Stored entries
┄┄┄┄┄┄┄┄┄┄┄┄┄┄┄┄┄┄┄┄

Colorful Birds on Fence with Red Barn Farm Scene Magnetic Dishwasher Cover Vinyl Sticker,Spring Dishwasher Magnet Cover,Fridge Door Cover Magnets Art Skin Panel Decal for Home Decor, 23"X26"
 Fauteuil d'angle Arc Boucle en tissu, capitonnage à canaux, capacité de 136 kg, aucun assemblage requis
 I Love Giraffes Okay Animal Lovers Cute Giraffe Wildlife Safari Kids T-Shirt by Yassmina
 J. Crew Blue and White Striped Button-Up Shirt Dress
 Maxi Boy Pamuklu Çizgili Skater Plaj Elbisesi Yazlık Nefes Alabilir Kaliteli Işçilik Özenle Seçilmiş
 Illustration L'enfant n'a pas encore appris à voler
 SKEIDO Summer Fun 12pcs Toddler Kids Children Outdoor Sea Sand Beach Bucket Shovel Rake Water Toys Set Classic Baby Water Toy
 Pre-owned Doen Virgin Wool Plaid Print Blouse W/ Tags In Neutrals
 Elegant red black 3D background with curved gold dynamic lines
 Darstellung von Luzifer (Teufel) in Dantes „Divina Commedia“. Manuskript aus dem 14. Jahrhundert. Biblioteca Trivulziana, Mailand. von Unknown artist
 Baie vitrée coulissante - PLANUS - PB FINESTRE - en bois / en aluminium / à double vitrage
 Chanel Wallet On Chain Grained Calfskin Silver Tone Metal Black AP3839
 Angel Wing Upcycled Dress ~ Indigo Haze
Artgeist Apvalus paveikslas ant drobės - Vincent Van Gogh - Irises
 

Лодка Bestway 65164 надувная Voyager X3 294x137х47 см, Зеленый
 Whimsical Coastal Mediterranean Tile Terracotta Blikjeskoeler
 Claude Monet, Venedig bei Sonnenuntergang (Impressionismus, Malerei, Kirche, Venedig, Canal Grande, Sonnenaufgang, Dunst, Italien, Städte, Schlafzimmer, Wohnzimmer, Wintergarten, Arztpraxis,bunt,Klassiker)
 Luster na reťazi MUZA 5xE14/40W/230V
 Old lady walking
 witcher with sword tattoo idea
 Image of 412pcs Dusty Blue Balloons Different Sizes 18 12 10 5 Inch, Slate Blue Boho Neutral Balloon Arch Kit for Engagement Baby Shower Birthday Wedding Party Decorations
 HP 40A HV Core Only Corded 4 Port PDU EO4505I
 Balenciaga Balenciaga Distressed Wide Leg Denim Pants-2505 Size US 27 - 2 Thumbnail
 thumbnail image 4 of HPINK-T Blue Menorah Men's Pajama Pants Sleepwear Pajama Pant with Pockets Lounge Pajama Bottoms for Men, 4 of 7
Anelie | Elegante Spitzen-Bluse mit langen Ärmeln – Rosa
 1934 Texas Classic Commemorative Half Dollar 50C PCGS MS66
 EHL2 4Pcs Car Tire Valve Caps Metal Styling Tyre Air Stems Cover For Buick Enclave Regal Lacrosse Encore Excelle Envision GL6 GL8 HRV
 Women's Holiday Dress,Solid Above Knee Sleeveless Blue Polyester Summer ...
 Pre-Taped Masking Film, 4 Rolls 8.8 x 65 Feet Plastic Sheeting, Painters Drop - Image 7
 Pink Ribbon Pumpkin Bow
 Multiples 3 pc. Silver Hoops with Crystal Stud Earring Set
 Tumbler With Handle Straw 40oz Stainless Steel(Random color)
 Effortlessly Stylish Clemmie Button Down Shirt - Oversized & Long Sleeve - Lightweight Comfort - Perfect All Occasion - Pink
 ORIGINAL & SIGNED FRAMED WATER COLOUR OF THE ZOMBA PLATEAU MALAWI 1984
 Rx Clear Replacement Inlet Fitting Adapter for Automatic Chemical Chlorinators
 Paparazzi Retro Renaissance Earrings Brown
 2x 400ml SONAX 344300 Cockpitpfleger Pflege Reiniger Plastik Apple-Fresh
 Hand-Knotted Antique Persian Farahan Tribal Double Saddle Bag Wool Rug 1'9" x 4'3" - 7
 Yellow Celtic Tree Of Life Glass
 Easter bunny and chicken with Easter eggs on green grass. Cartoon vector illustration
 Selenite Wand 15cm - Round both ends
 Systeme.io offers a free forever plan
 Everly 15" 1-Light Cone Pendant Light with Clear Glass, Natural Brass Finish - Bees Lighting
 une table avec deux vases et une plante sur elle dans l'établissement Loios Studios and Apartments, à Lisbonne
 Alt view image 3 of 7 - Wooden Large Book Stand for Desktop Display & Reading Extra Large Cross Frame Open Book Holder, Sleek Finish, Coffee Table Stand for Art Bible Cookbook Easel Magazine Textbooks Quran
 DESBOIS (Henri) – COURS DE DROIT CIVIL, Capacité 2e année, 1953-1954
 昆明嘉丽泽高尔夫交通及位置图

┄┄┄┄┄┄┄┄┄┄┄┄┄┄┄┄┄┄┄┄

▸ **ASSIGNED TASK**:
Track down every line in the entries that includes the string "Baby", and copy it.

▸ **ANSWER SECTION**:
 SKEIDO Summer Fun 12pcs Toddler Kids Children Outdoor Sea Sand Beach Bucket Shovel Rake Water Toys Set Classic Baby Water Toy
 Image of 412pcs Dusty Blue Balloons Different Sizes 18 12 10 5 Inch, Slate Blue Boho Neutral Balloon Arch Kit for Engagement Baby Shower Birthday Wedding Party Decorations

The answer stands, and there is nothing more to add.